§ Task directions:
Pictures do not belong in the copy. Write out exactly the lines from the one containing "Copenhagen Cycling Street Photography Print" through the end of the data.

Short text fragments from websites:
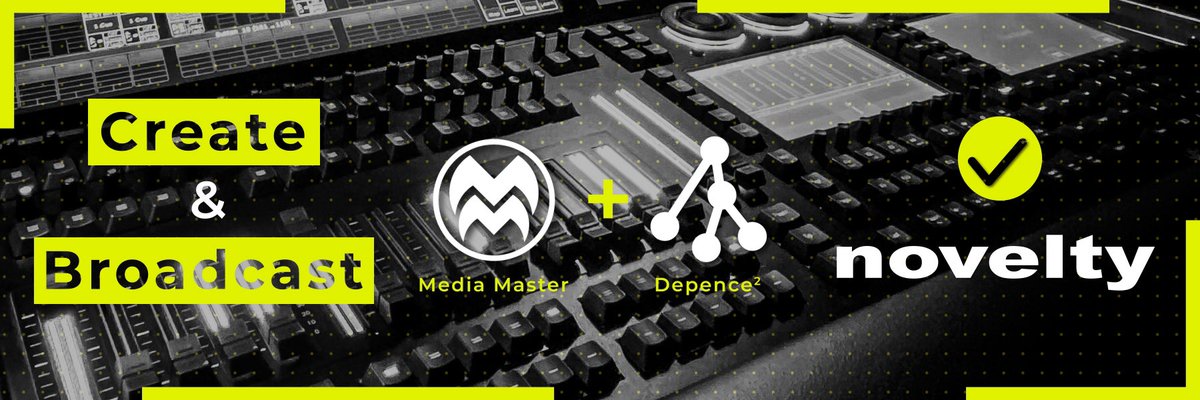 Perfect tools to design, encode and broadcast your next show !!!! <a href="/ArKaos/">ArKaos Team</a> and #Depence2 now available at @GroupeNovelty Studios.  #Depence2 #Arkaos #MediaMaster #Show #Live #Video #Light #Studio #TeamNovelty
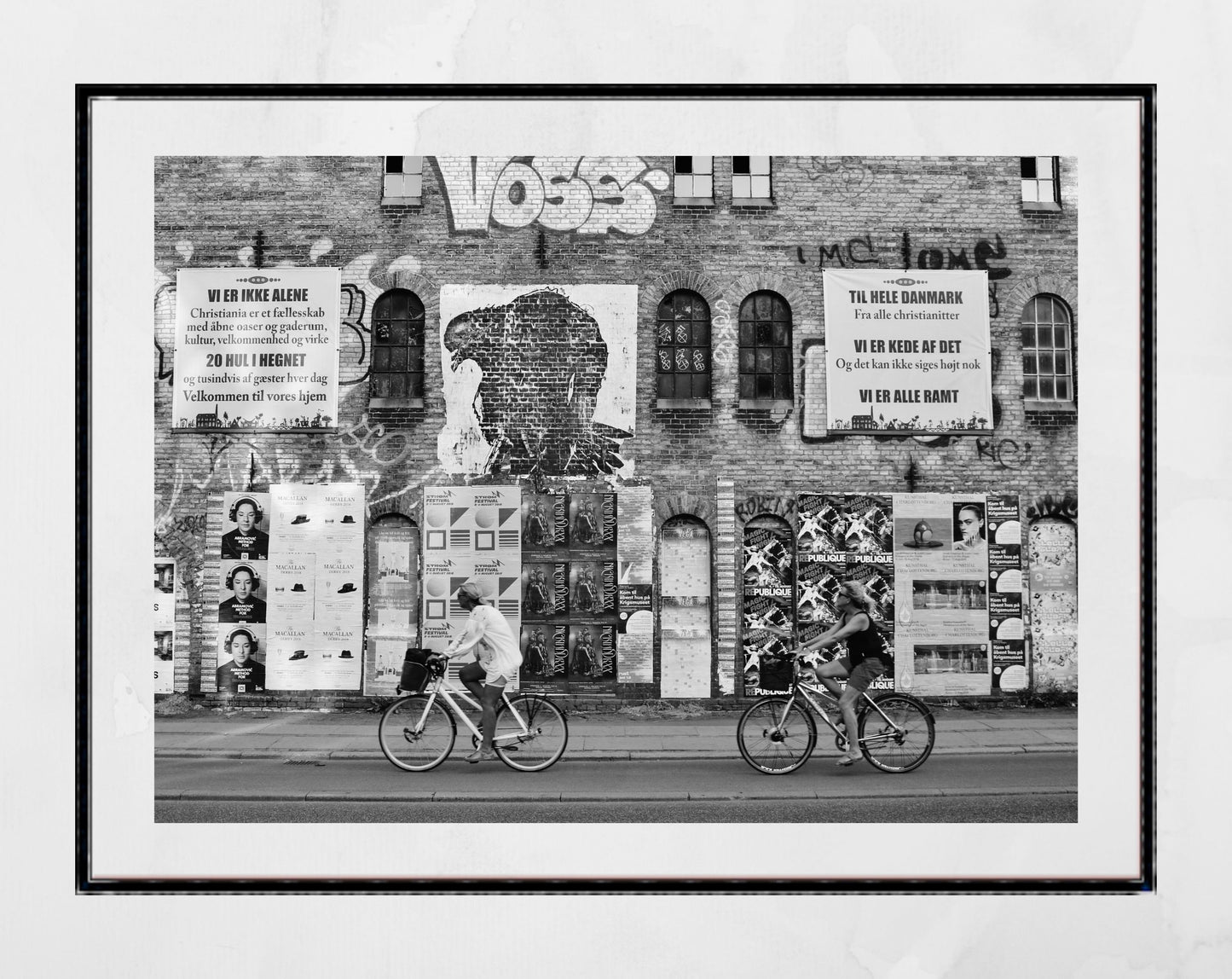Copenhagen Cycling Street Photography Print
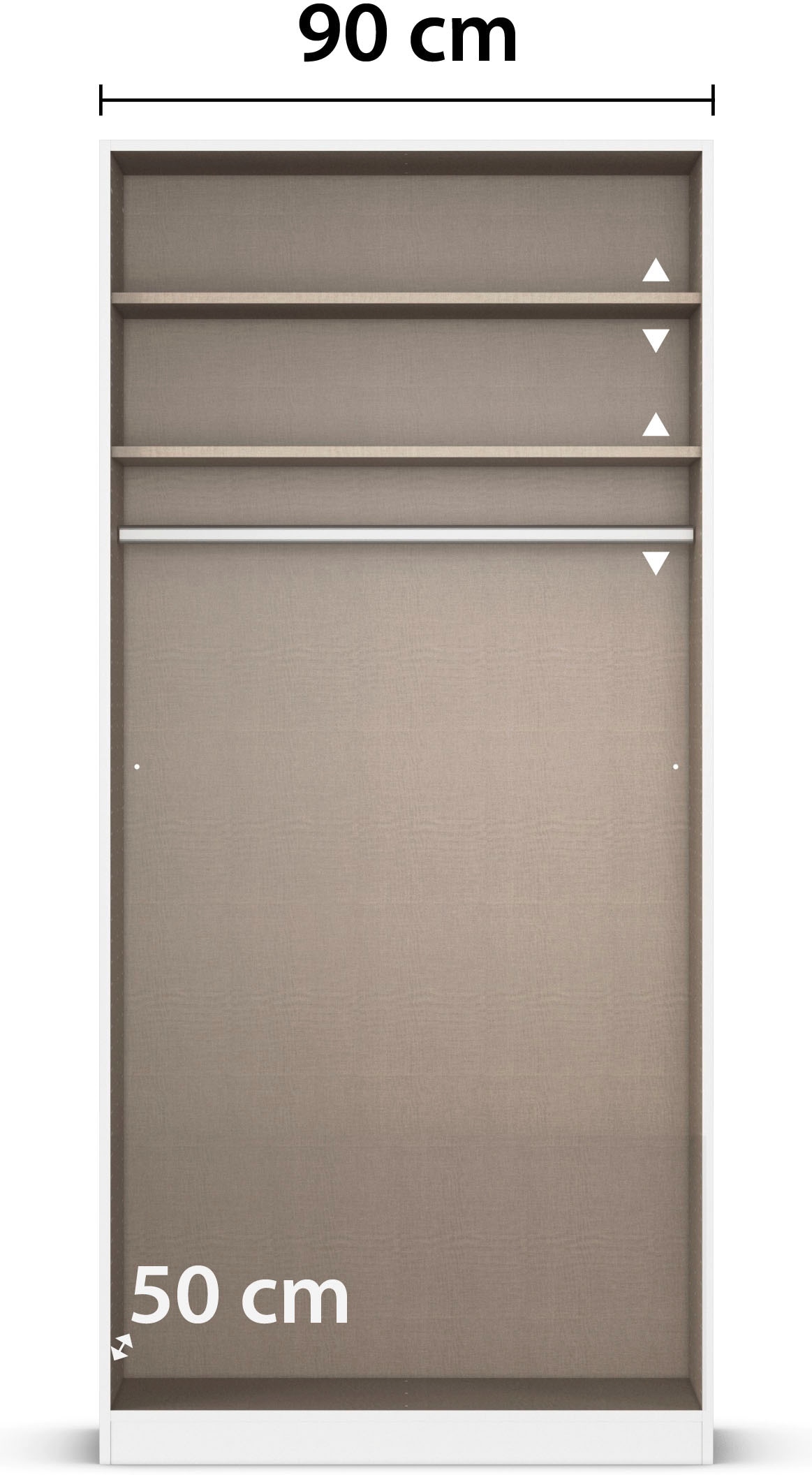 rauch Kleiderschrank, (in 3 verschiedenen Ausstattungen BASIC/CLASSIC/PREMIUM), mit hochwertigen Stangengriffen in Schwarz aus Metall MADE IN GERMANY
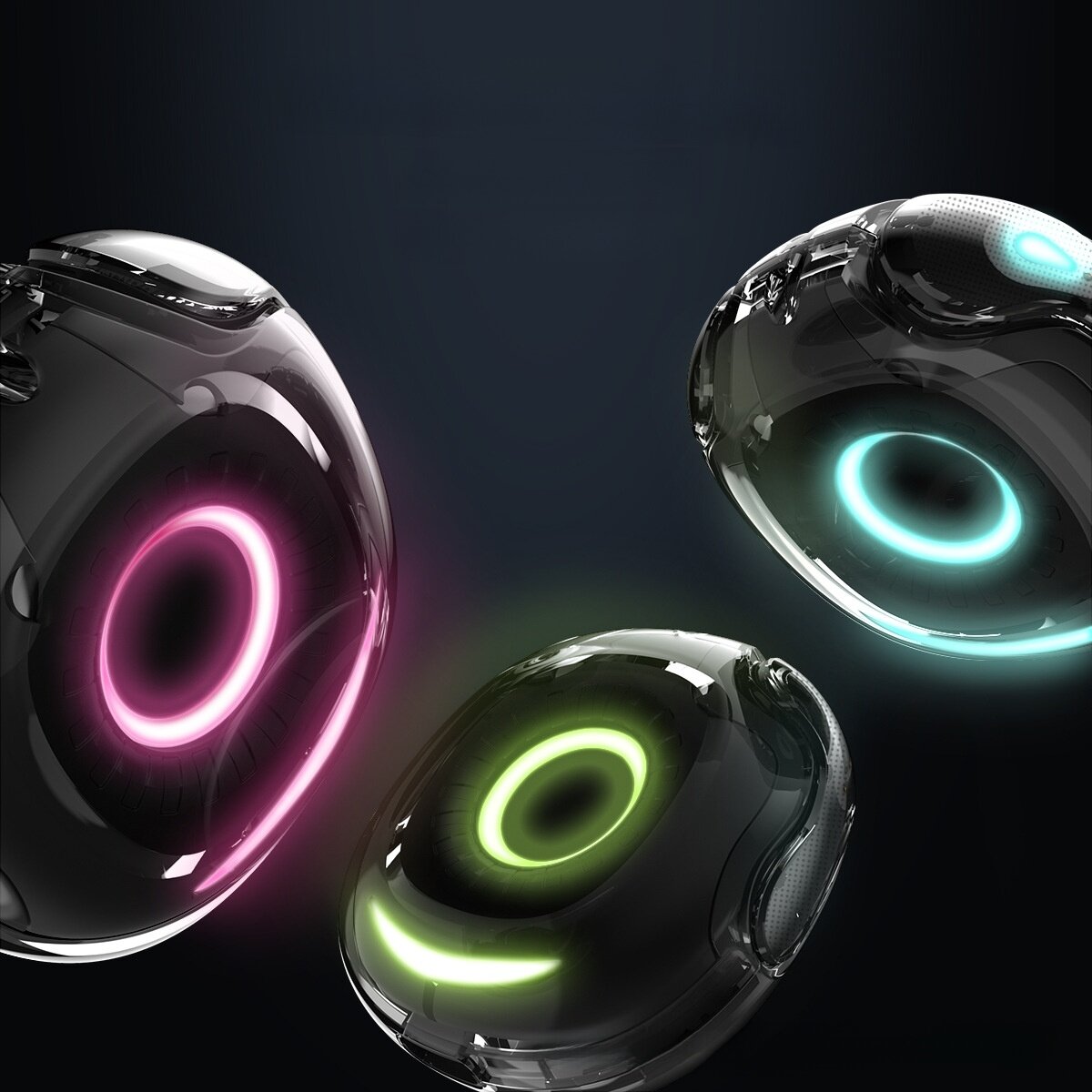 ワイヤレスBluetoothイヤホン｜透明・長時間継続利用バッテリー・高音質・スポーツ・リラックス|undefined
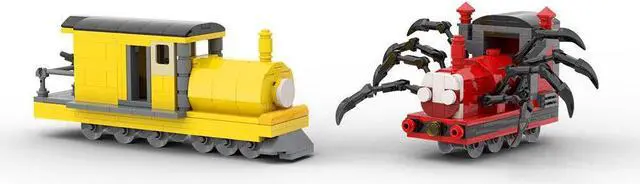 Alt view image 3 of 7 - ZITIANYOUBUILD Yellow Train Model 247 Pieces from Horror Video Game Building Toys MOC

§ Solution below:
Copenhagen Cycling Street Photography Print
 rauch Kleiderschrank, (in 3 verschiedenen Ausstattungen BASIC/CLASSIC/PREMIUM), mit hochwertigen Stangengriffen in Schwarz aus Metall MADE IN GERMANY
 ワイヤレスBluetoothイヤホン｜透明・長時間継続利用バッテリー・高音質・スポーツ・リラックス|undefined
 Alt view image 3 of 7 - ZITIANYOUBUILD Yellow Train Model 247 Pieces from Horror Video Game Building Toys MOC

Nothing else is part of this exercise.